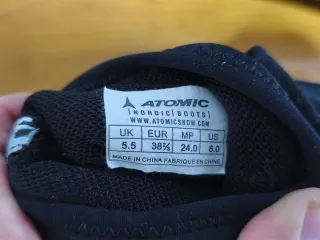 Conjunto Esquís de fondo Atomic, botas y bastones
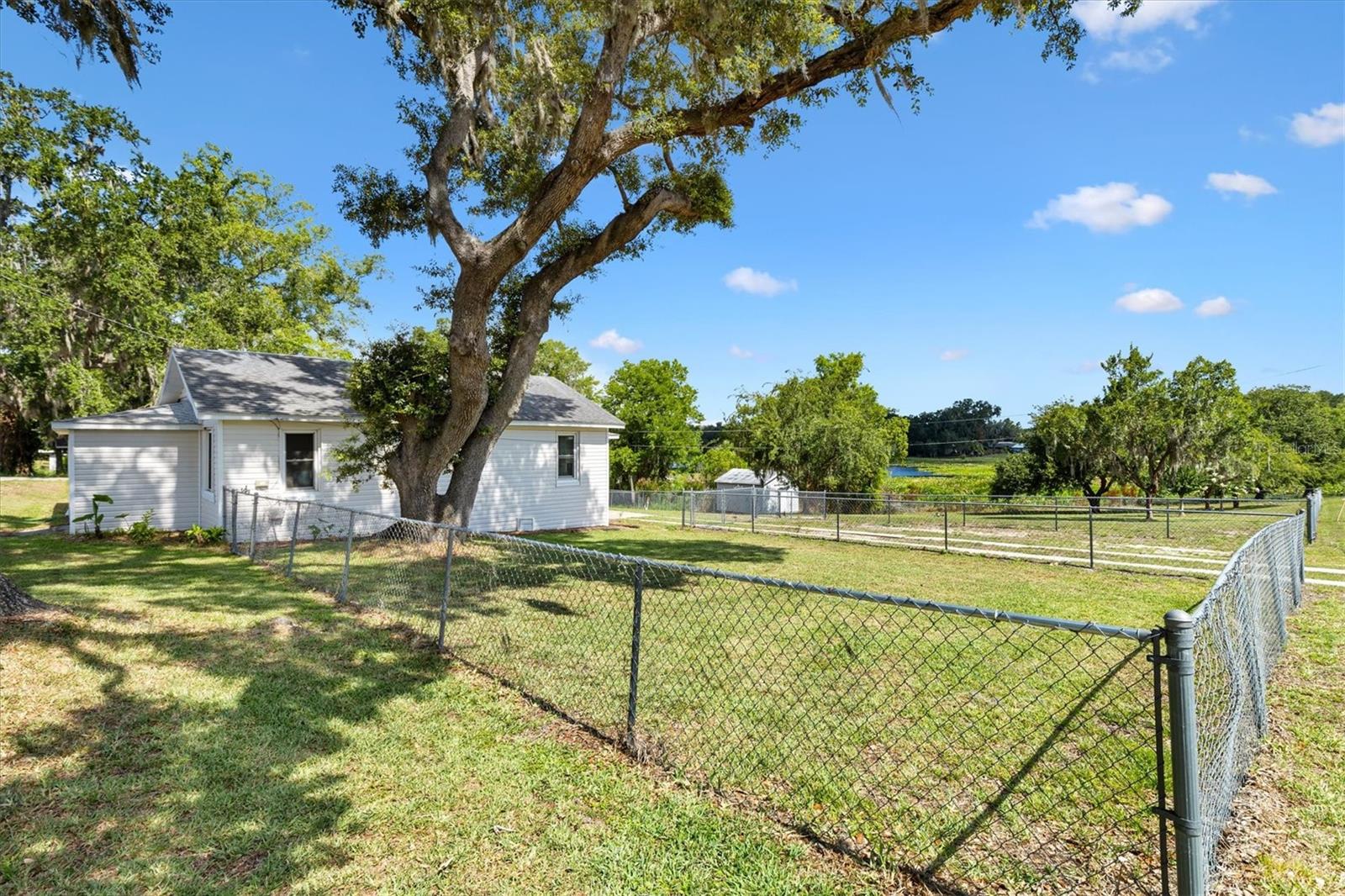 LEESBURG FLORAL HEIGHTS - Residential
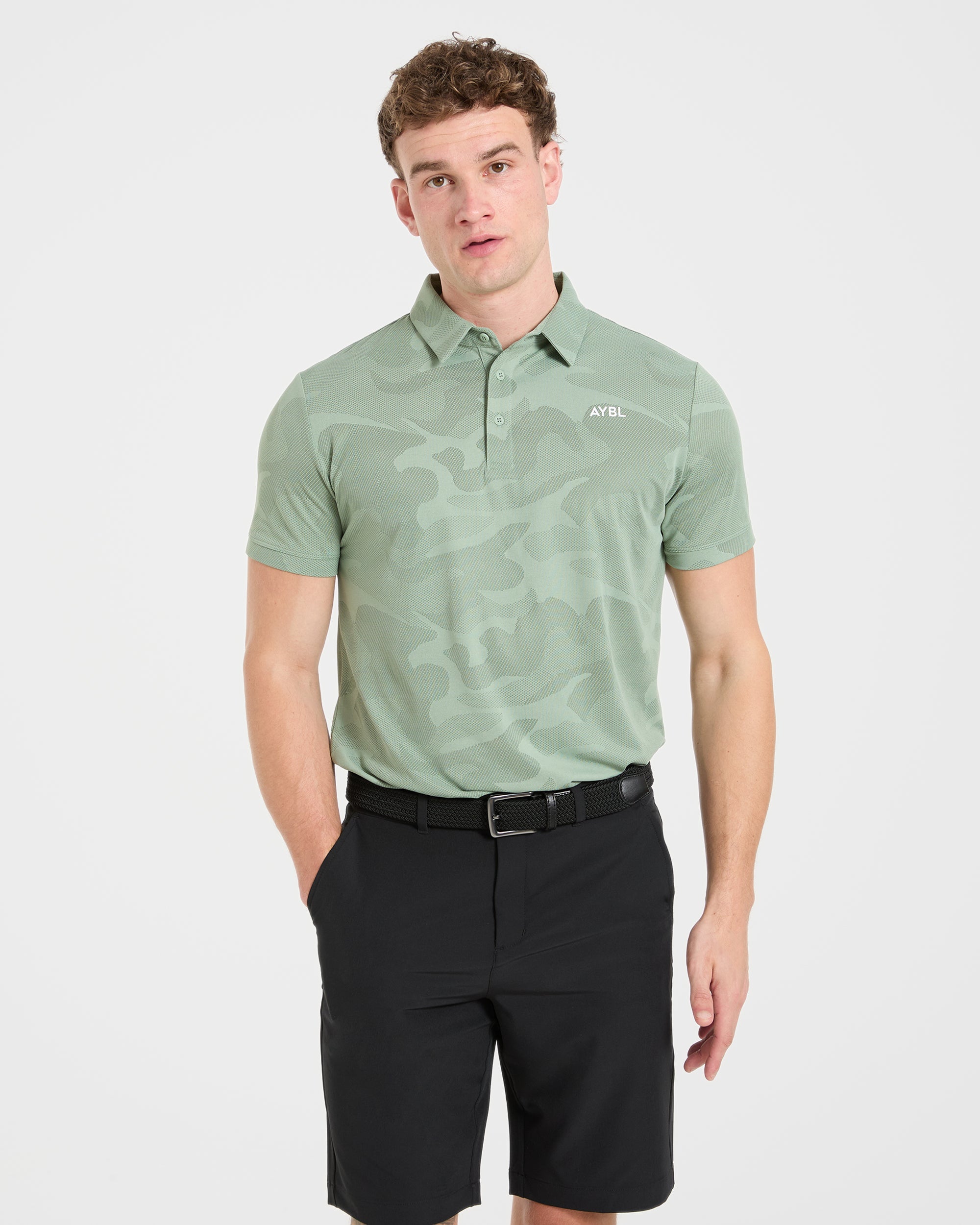 02.03Golf0106_d12bd3d2-64ea-4c35-81c5-64558eaa0168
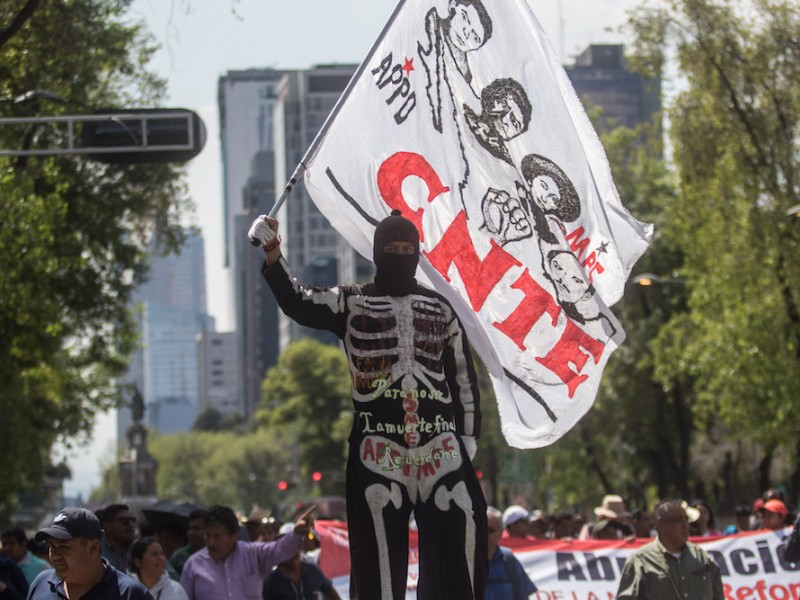 La CNTE marcha por las principales avenidas de la CDMX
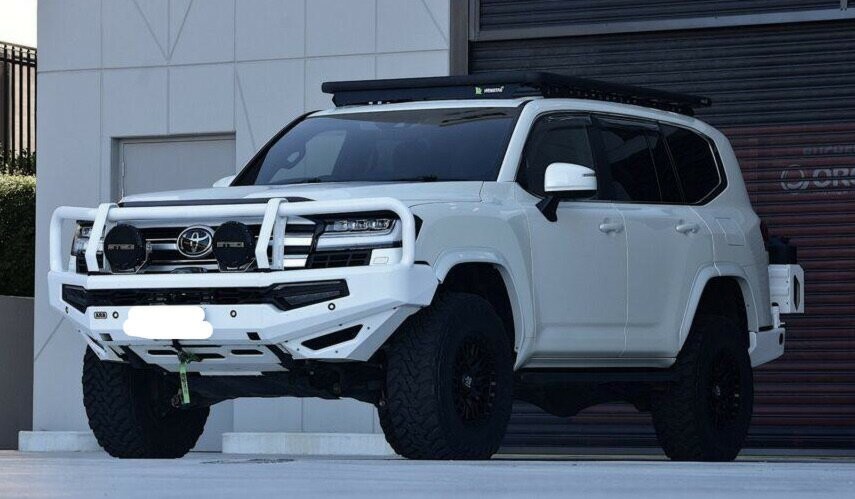 Toyota Landcruiser image 3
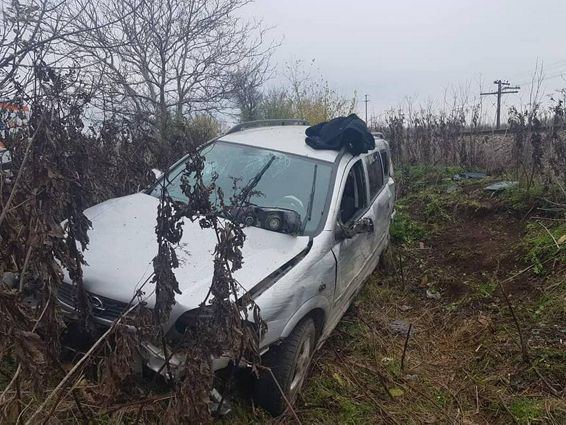 Trei victime dupa ce un autoturism a parasit partea carosabila | imaginea 1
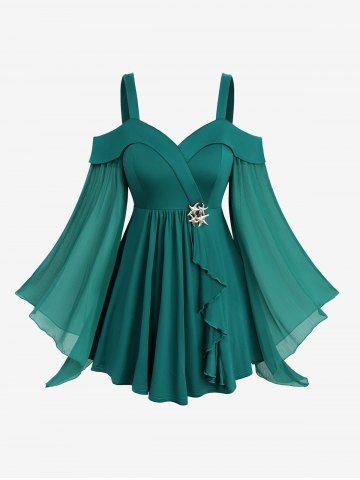 Plus Size Surplice Starfish Buckle Lettuce Cold Shoulder Sheer Mesh Flare Sleeves Top - GREEN - L | US 12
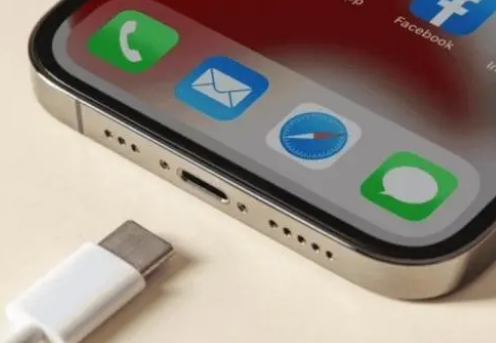 新余苹果15维修分享iPhone15改USB-C接口后能和安卓用户互借充电器吗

+-------+

**WHAT TO WORK ON**. Restate word for word the lines from the line with "La CNTE marcha" to the last line of the records above, inclusive, and omit every picture.

**WRITTEN ANSWER**.
 La CNTE marcha por las principales avenidas de la CDMX
 Toyota Landcruiser image 3
 Trei victime dupa ce un autoturism a parasit partea carosabila | imaginea 1
 Plus Size Surplice Starfish Buckle Lettuce Cold Shoulder Sheer Mesh Flare Sleeves Top - GREEN - L | US 12
 新余苹果15维修分享iPhone15改USB-C接口后能和安卓用户互借充电器吗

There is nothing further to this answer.